The 30 participants from Afghanistan, Egypt, Iran, Israel, Italy, India, Jordan, Pakistan, Palestine, and the United States engaged with questions of collective narrative, examined ways in which history contributes to conflict, and developed the tools necessary to use history to encourage pluralism and cross-cultural understanding.
“Participants from across lines of conflict live together, sharing rooms, dining tables, and common spaces,” said Daniel. “They discuss issues of mutual concern, create lesson plans, share resources and work that they’ve done in the past. Together they make decisions that shape their evolving community; over the course of their time together, they co-create their experience.”
Workshops were led by faculty members from a range of fields, including Doc Miller from Facing History and Ourselves, Professor Anil Sethi of Azim Premji University in India, Meenakshi Chhabra of Lesley University, the Brooklyn-based poet Elana Bell, the visual artist Robert Shetterly, and the musicians, Brothers Yares.
Workshops focused on encouraging active listening, using visual arts and music to teach history, and the idea of education as a craft and the educator as practitioner of the craft.
Site visits around Maine allowed participants to hear contrasting narratives about the history of the state from the Governor of Maine to the Mayor of Portland, members of the Abyssinian Church, and the Native American Truth and Reconciliation Commission.
“Participants related issues they saw in Maine to their conflict at home all the time. They see and hear the same things, but interpret them in totally different ways due to where they come from,” said Daniel. “These are the differences and experiences we aim to unpack in our conversations.”
The course is based on an understanding that education depends not only on curricula, but also on how educators present information. It encouraged participants to bring all of their experiences to the group—as individual human beings, educators, and people from societies of conflict. In doing so, it created spaces for educator transformation, personal process, and connections to one another.
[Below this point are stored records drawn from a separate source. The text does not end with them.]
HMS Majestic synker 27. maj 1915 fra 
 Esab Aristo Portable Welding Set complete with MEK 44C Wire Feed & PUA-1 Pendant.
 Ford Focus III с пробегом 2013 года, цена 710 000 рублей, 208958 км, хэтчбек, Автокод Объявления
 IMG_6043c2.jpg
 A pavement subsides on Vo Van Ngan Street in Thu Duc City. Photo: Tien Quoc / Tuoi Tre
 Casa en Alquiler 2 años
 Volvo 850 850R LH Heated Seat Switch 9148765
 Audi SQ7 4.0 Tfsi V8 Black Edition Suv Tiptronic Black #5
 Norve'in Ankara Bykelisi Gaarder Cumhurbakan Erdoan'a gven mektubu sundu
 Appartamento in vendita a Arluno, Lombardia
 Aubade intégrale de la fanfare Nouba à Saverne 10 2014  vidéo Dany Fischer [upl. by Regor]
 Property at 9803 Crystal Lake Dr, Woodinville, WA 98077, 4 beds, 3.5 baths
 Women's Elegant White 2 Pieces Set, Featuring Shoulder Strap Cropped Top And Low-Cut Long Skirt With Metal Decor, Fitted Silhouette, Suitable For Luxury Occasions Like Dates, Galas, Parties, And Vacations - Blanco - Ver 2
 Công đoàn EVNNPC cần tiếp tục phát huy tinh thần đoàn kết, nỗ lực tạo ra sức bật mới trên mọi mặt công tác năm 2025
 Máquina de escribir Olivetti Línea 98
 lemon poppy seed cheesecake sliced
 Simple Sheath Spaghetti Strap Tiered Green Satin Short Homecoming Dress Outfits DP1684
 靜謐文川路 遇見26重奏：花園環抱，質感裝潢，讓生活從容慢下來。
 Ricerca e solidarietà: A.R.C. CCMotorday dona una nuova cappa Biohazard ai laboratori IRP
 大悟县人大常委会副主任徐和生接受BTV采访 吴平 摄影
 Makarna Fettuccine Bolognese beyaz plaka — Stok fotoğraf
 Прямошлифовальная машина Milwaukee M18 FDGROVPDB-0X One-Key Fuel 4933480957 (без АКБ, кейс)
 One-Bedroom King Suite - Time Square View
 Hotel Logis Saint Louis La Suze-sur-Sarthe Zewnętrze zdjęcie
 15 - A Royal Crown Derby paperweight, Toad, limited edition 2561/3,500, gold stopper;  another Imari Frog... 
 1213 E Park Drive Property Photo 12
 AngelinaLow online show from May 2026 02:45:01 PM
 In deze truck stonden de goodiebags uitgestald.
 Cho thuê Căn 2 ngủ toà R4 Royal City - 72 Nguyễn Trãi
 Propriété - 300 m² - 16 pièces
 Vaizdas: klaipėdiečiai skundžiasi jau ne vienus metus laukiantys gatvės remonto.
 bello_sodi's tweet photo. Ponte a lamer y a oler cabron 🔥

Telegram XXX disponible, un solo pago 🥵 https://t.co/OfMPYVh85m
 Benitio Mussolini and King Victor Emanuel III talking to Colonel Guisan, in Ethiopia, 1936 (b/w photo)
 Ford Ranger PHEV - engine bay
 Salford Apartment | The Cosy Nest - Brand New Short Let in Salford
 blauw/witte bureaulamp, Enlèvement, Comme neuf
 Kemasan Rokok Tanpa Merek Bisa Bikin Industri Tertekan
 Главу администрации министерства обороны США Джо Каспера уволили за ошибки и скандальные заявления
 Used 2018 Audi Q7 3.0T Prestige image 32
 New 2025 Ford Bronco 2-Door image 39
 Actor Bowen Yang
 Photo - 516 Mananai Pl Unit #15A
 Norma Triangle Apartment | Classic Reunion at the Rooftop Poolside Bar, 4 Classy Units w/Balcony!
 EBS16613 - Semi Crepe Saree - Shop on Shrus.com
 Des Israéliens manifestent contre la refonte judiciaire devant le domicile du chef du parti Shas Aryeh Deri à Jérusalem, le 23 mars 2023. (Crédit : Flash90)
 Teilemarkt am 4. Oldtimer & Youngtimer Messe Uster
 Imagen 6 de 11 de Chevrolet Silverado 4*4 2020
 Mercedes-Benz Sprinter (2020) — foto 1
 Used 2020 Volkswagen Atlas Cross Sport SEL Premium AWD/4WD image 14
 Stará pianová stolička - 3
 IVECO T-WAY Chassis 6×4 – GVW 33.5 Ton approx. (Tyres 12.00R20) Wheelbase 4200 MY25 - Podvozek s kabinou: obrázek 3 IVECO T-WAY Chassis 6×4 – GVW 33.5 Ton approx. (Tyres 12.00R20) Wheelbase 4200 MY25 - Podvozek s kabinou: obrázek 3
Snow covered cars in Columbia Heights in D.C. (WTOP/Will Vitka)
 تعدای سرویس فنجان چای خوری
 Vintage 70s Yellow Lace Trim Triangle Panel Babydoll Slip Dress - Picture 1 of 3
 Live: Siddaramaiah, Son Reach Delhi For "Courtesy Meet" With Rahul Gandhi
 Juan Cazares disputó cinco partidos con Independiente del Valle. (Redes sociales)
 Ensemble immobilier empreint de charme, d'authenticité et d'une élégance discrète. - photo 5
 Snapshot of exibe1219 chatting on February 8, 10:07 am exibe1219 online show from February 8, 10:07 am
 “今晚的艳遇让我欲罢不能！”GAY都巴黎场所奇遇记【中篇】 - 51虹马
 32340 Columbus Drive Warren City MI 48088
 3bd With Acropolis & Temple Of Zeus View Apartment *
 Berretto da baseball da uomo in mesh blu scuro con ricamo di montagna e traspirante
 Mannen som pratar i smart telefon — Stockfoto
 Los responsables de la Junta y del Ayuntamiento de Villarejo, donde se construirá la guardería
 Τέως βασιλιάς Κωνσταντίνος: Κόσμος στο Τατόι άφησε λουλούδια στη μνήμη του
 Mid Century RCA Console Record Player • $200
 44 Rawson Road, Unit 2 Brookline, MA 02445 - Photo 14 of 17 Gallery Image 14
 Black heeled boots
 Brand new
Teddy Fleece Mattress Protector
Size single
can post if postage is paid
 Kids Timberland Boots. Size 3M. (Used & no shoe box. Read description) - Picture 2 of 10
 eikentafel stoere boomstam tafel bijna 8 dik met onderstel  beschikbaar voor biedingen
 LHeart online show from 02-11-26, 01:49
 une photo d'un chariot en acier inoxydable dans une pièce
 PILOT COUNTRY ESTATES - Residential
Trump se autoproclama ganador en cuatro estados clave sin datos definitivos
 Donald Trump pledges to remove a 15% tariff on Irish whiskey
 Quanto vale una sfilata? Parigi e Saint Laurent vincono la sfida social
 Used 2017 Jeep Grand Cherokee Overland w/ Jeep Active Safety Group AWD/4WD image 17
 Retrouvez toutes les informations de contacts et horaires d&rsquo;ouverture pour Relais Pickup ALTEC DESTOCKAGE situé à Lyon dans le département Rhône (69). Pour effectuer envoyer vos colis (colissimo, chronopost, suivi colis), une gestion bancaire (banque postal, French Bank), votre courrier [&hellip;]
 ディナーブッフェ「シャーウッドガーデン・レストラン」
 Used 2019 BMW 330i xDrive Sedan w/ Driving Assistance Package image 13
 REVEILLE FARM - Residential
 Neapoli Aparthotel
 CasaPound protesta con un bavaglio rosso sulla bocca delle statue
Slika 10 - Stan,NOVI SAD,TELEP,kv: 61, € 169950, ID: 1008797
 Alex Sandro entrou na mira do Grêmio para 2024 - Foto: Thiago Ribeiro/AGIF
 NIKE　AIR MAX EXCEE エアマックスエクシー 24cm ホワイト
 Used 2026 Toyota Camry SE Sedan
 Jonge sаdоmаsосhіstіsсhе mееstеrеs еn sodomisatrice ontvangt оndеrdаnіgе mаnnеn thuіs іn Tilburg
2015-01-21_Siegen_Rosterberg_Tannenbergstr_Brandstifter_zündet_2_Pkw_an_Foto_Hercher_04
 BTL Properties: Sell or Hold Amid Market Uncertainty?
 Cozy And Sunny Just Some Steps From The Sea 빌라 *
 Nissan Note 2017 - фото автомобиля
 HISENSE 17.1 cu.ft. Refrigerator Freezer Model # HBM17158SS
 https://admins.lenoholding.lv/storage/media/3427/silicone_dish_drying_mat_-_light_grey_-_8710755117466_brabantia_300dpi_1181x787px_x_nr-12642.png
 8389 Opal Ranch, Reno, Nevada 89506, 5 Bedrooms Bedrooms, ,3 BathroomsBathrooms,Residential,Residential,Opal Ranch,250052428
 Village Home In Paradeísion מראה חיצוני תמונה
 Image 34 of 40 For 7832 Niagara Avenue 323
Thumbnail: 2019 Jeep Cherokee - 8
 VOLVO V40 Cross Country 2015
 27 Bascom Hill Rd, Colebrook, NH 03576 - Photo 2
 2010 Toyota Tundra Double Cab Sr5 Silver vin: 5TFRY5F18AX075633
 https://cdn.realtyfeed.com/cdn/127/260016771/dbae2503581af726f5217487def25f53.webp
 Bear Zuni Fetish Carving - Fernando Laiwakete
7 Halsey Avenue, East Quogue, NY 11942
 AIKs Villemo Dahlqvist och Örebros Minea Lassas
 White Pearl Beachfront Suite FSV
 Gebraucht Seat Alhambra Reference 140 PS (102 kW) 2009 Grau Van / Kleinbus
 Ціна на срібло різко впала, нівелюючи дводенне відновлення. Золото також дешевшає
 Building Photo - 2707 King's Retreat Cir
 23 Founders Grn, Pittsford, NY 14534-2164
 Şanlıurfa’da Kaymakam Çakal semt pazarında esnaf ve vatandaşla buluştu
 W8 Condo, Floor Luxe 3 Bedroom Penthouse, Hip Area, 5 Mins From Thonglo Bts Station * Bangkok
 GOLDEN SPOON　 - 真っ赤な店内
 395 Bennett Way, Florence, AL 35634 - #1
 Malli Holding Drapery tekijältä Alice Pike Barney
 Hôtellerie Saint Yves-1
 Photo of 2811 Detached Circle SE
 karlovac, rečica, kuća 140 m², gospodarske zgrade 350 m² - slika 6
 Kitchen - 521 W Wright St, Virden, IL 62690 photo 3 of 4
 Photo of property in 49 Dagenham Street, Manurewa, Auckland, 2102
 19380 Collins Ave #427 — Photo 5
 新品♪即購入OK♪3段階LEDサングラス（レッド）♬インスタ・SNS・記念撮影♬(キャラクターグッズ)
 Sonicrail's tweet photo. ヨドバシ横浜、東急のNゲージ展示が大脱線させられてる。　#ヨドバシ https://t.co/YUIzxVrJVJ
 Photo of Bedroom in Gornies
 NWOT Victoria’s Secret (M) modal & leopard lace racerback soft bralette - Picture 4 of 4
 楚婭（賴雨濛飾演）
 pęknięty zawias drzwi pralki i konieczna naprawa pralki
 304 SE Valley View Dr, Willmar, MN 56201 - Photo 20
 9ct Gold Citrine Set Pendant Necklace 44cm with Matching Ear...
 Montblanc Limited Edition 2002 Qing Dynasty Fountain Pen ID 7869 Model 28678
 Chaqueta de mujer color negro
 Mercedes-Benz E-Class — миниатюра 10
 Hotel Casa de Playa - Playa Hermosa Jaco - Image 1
“It was part Camp, part conference,” said Daniel.
Seeds of Peace Educator Programs work alongside our youth programs and seek to inspire and equip educators in conflict regions with the relationships, understanding, and skills needed to transform schools and communities and contribute to a culture of peace.
Opportunities for continued involvement include gatherings and conversations in the educators’ home countries, and a follow-up workshop in Jordan is in the making.